I missed a Lyft ping tonight seconds after a fast cancel. I Never saw it.


----------



## NickNolte (Dec 12, 2014)

I've had a sub 80% acceptance rate on Uber for the last weeks which is absurd. Im going to file a complaint with the California labor board because uber is pulling something with the acceptance rates so they don't have to pay the minimum guarantees.


----------



## DudeUber (Jan 9, 2017)

I have yet to not accept a ride or cancel and my acceptance rate for Uber just keeps dropping. Two times I tapped it on ping and it said accepting and then it disappeared. Support just says don't worry but this reflects on my work ethic.
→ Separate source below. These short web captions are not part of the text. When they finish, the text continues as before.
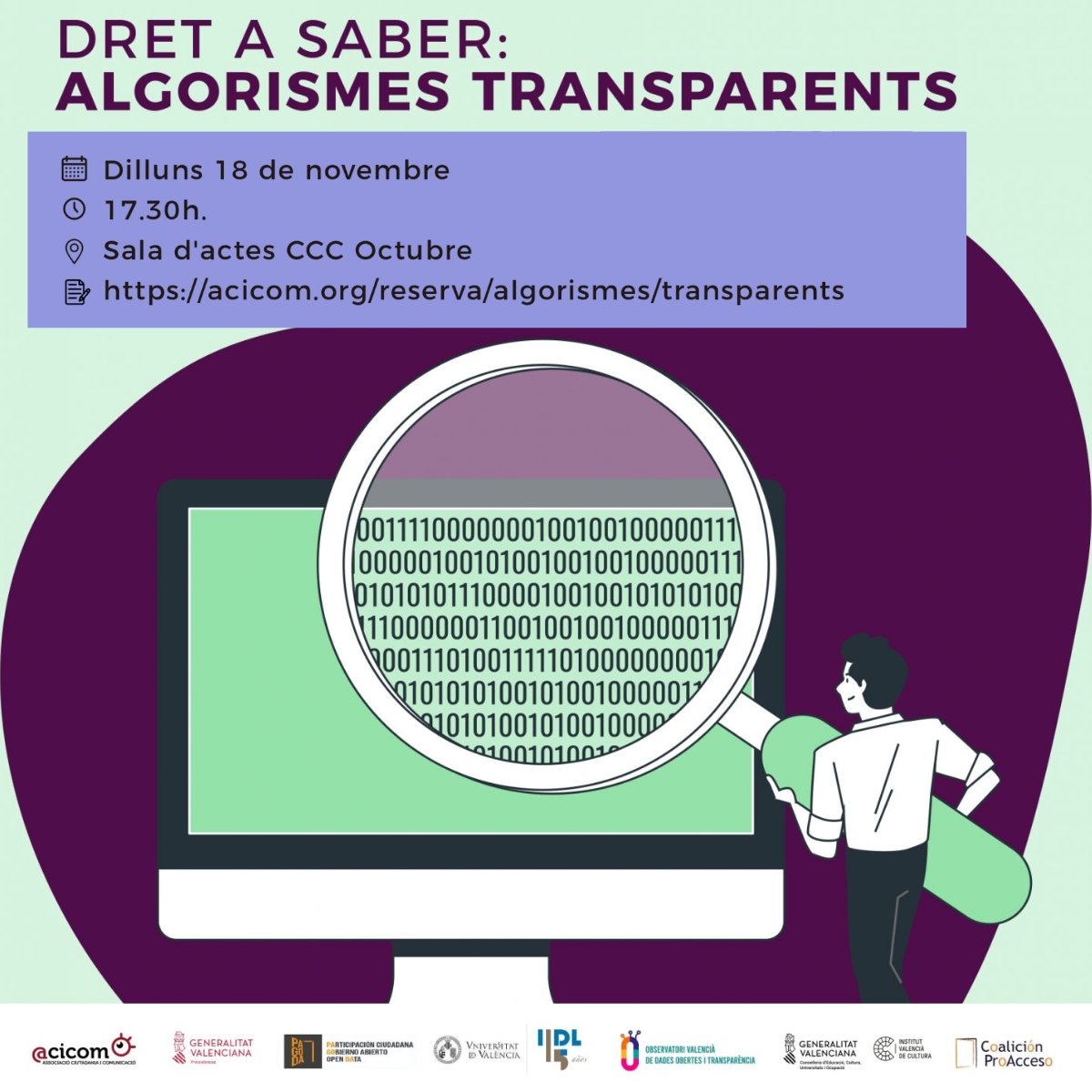 #CTranspaUPV (@ctranspaupv) on Twitter photo 🟣Vine a la jornada “Dret a saber: algoritmes transparents” que organitza <a href="/acicom_/">ACICOM-Ciutadania i Comunicació</a>, dedicada a la necessitat de garantir la transparència dels algoritmes en procediments automatitzats i neutrals.
📆18/11
🕙17:30h
📍Sala d’Actes del CCC OCTUBRE
🔗Inscripció acicom.org/dret-a-saber-a… 🟣Vine a la jornada “Dret a saber: algoritmes transparents” que organitza <a href="/acicom_/">ACICOM-Ciutadania i Comunicació</a>, dedicada a la necessitat de garantir la transparència dels algoritmes en procediments automatitzats i neutrals.
📆18/11
🕙17:30h
📍Sala d’Actes del CCC OCTUBRE
🔗Inscripció acicom.org/dret-a-saber-a…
App says 96% online it's 91%. This is bull.


----------



## Trump Economics (Jul 29, 2015)

Justin H said:


> Lyft was not very busy saturday night and i accepted every single one of my requests. Today it shows that i only accepted 50% of my rides? Something is screwy...


Yea, Lyft.


----------



## Coolrider101nk (Jun 21, 2016)

I did a support ticket to verify mine last week. The app is showing no show and customer cancellations against the acceptance. 

If your worried about bonuses, look on the dashboard on the bonus criteria, they are going off that.


----------